# Why change scores are generally a bad idea for PROMs data: the maths part

So, thanks to Math for the Masses I can now do equations using LaTeX, a typesetting language I have avoided learning to date, if only because so many people have told me that I simply must learn LaTeX.

To return to the problem at hand, why do we get a negative correlation between preoperative score & health gain?

The reason is that ‘health gain’ is a change score, calculated from the postoperative score minus preoperative score:

Health Gain = Postoperative Score – Preoperative Score

I haven’t worked out how to make LaTeX do ‘friendly’ equations so we will have to simplify this to:

c = b – a

The correlation between preoperative score (a) and health gain (c) is clearly the same as the correlation of a with b-a. We can write the equation for this as follows:

$r_{ac}= r_{a(b-a)}= \frac{r_{ab}\times sd_b-sd_a}{\sqrt{sd_{a}^{2}+sd_b^2-2r_{ab}\times sd_a\times sd_b}}$

The important thing about this equation the top part. The standard deviations of pre- and postoperative scores are likely to be very similar: we have the same people filling in the same questionnaire on both occasions.
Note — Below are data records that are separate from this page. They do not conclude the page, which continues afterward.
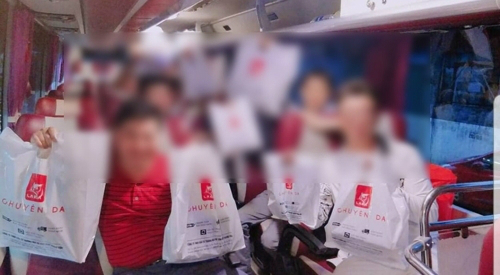관광버스 타고 선물 받으러 온 한국인들. 라까 페이스북 화면 캡처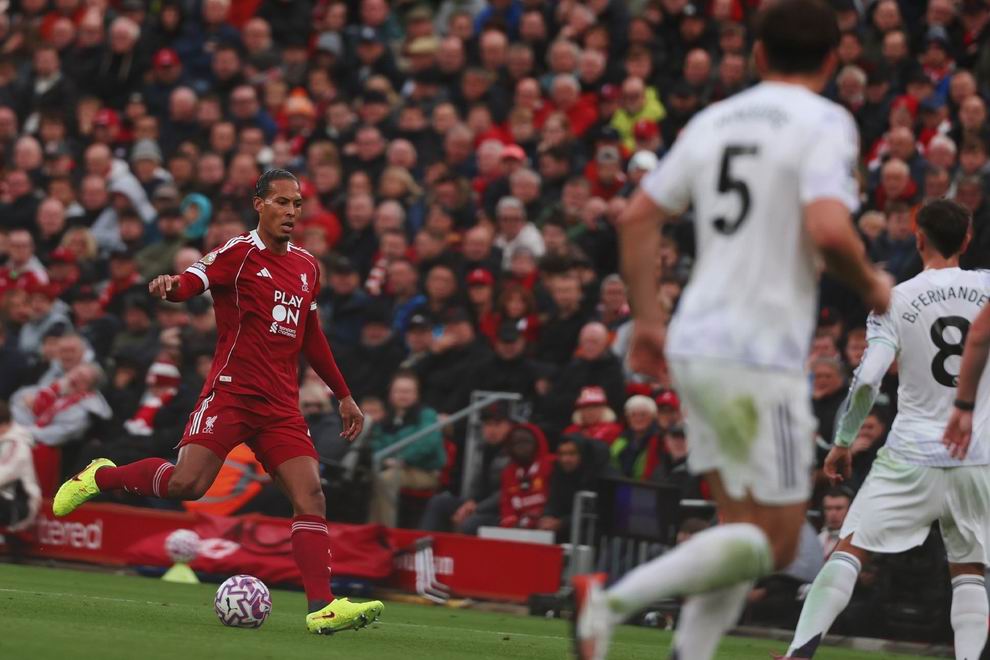Virgil van Dijk Liverpool - Manchester United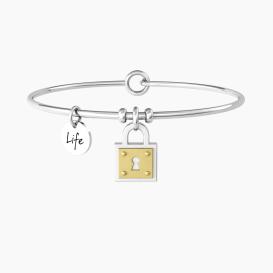 LUCCHETTO | BEST FRIENDS  La nostra amicizia è forte, un legame che resisterà a tutto. Abbiamo gettato la chiave in mare e i nostri segreti sono al sicuro. Ora siamo davvero inseparabili.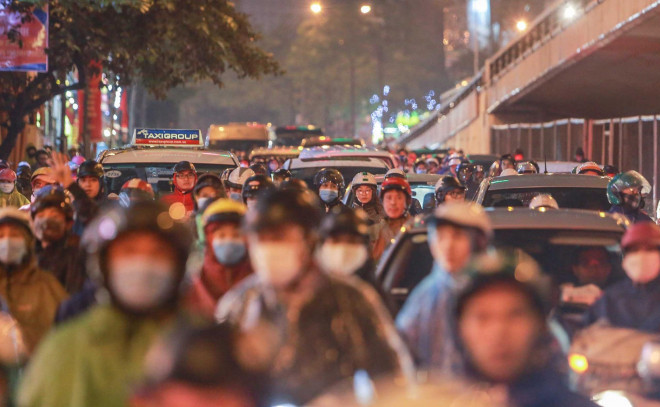 Càng về chiều muộn, những nơi vốn được coi là "điểm nóng" về giao thông lại càng thêm ùn tắc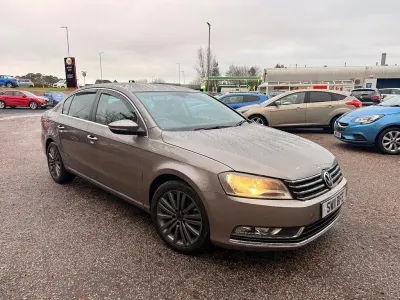 Begagnad VW Passat Sportline 2011 Brun Sedan
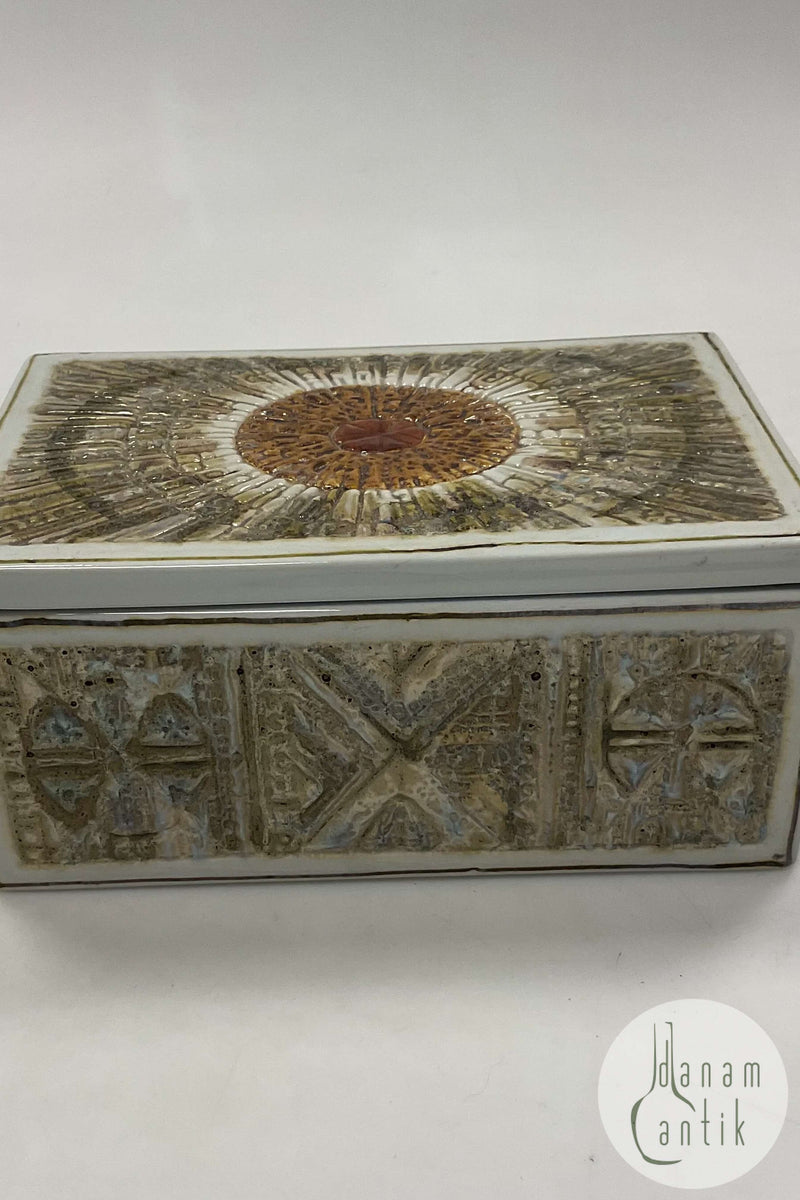 Royal Copenhagen Tenera Stor Æske med låg No 518/3334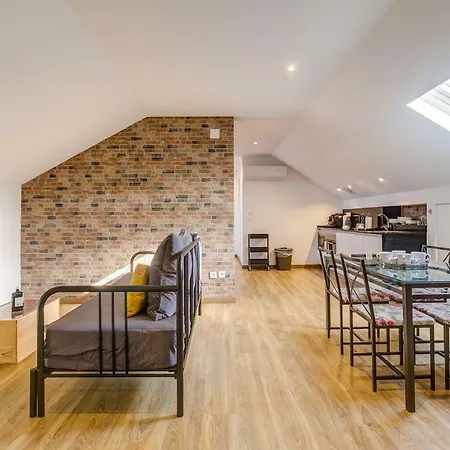 Home Out Rooms & Apartments Lejlighed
Similarly, rab is likely to be positive because it’s the correlation between pre- and postoperative scores, and less than 1.0.

This means that rab × sdb will be almost always be smaller than  sda so the expression will be negative, making the correlation between a and c negative.

Note also that the corrleation between pre- and postoperative scores might be quite small if the questionnaire is unreliable so the greater the measurement error, the greater the negative bias.